◆ **Exercise inputs**:
┌────────

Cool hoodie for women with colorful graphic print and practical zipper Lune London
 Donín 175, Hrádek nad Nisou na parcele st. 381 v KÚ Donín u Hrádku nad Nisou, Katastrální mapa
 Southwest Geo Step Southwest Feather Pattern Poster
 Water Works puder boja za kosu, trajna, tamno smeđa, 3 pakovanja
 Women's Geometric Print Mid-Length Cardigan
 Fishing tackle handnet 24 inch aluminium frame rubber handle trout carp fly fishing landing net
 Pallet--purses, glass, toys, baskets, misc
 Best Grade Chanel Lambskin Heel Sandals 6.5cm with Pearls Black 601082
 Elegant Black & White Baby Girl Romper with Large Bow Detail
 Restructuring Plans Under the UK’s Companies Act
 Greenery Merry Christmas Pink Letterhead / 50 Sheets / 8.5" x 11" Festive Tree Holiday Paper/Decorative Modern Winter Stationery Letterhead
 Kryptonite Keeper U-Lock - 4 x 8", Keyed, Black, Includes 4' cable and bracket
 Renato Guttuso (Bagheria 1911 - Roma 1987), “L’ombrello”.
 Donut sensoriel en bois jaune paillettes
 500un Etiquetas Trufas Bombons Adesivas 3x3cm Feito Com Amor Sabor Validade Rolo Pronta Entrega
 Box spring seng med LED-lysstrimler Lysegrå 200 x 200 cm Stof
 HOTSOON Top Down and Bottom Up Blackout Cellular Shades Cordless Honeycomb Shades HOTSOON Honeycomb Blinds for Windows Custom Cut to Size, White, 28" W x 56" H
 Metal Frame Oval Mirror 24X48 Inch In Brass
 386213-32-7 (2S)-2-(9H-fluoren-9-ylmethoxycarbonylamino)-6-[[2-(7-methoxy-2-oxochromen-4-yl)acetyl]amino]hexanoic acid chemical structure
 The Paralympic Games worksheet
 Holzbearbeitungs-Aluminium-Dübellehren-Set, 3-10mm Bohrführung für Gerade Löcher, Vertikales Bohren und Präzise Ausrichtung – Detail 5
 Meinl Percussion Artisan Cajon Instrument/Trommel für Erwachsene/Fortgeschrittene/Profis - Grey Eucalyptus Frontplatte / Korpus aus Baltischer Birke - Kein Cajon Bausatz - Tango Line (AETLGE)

└────────

◆ **What the exercise asks**: Only those lines of the entries above that run from the line containing "Pallet--purses, glass, toys, baskets, misc" to the line containing "Restructuring Plans Under", both included, should be transcribed exactly.

◆ **Response to the exercise**:
 Pallet--purses, glass, toys, baskets, misc
 Best Grade Chanel Lambskin Heel Sandals 6.5cm with Pearls Black 601082
 Elegant Black & White Baby Girl Romper with Large Bow Detail
 Restructuring Plans Under the UK’s Companies Act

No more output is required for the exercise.